ある程度のイメージは自分のなかにあるつもりなんですけど、一旦書き始めると、あとは筆が勝手に動いていますね。ただ計算していると作為的になったり、自分のなかにブレがあるとそれが如実に出てしまいます。自分のイメージに向かいつつ、何も考えていない状態というのが理想ですね。究極は”無作為の作為”。それが瞬間芸術のおもしろいところだと思うんです。

–行き詰まりを感じることはありますか? そのときはどうしますか?

スパッとやめます。そしてカレーをつくります(笑)。私、カレーをつくるときの玉ねぎを炒める作業が大好きなんですよ。つくろうと思うとあの作業は面倒だけれど、気分転換ならば、アメ色になるまでただひたすら炒めるのは至福の時間。そういえば先日、気がついたらカレーがふた鍋できあがっていたことがありました!

–創作する上で、心がけていることはありますか?

ありのままの自分でいること、正直でいること。そのためにたっぷりと寝て、おいしいものを食べます。悩みを抱えた状態は作品にも出るので、そのときは好きなものに触れる時間をつくります。例えば、雲の動きを見ているだけで、めちゃくちゃテンションが上がるんですよ。あの雲は刷毛で書いたみたい、あの雲は墨がにじんだみたい、なんて書と重ねることも。飛行機に乗ったときは、魅力的な雲との出逢いのおかげで、ずっと興奮状態ですね。悩み事を抱えてるくらいなら、好きなものに触れて、自分らしくいられる状態をつくるようにしています。
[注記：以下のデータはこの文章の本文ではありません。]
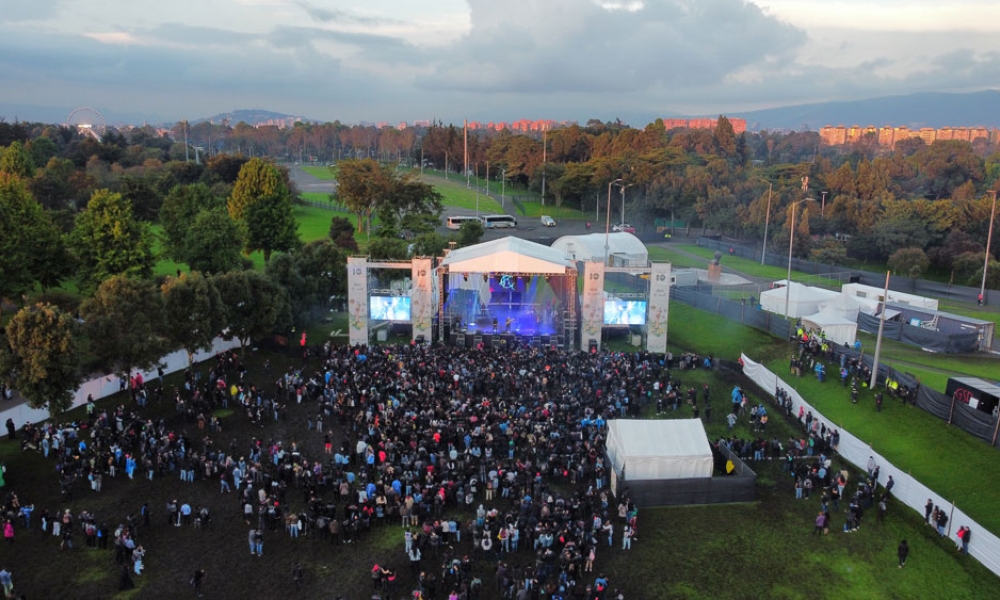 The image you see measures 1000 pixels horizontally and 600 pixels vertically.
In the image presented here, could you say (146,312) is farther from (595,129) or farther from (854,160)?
(595,129)

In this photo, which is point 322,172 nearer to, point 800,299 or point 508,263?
point 508,263

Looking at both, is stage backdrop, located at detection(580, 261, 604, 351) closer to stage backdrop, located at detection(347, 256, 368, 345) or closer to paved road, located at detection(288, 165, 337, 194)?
stage backdrop, located at detection(347, 256, 368, 345)

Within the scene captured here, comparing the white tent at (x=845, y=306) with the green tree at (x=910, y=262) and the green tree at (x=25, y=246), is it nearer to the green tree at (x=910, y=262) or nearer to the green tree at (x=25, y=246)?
the green tree at (x=910, y=262)

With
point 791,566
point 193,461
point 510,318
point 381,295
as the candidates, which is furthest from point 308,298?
point 791,566

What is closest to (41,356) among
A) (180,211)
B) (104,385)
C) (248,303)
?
(104,385)

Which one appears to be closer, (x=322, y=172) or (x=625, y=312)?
(x=625, y=312)

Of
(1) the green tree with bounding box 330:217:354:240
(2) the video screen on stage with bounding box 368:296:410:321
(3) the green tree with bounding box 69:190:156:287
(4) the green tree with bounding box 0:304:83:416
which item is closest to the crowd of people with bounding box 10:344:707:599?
(4) the green tree with bounding box 0:304:83:416

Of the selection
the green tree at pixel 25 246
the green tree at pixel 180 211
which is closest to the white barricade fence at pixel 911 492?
the green tree at pixel 25 246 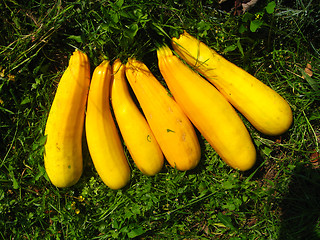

–最後に、これからやりたいこと、目指したいことを教えてください。

以前、「時 −TOKI−」というタイトルの展示で時間や気候に合わせて文字を動かすという映像作品を作ったことがありました。気象庁のデータをもとに世界5都市の時間とともに「花・鳥・風・月」それぞれの文字を咲かせたり、飛ばしたり、月は新月から満月に変化していく様子を表現しました。とても多くの方から、様々な反響を頂きました。今度は自分の筆から生まれた作品が、静止している文字の中で、動きを連想させるような、そんな造形的な作品をつくることができたらいいな、と思っています。


最後に中塚 翠涛さんから
“美しくなるためのメッセージ”

やはり…”旅”をすること、につきる気がします。
国内国外問わず、知らない土地に出かけて行き、自分の好奇心の赴くままに動いてみる。そんなふうにして過ごした時間は、美のアンテナを心地よく刺激してくれるのではないでしょうか。少なくとも私にとっては、かけがえのない時間であり、創作意欲を駆り立ててくれる宝のようなもの。うーん、もはや生活の一部かも? 
忙しい時間をやりくりして長期の旅ができれば最高だし、明日いつもと違う道を通って空を見上げるだけでも、美の感性は刺激されるはず! そう考えています。


今月の美人
中塚 翠涛

岡山県倉敷市出身。東京都在住。四歳から書を学ぶ。大東文化大学文学部中国文学科(現・中国学科)卒業。古典的な書をもとに、和紙だけでなく陶器やガラス、映像などの様々な手法で、文字のもつ魅力を表現し、国内外で活動。創作活動と同時に、多くの方に手書きを楽しんでいただきたいという想いから、ペン字練習帳等の出版も多数。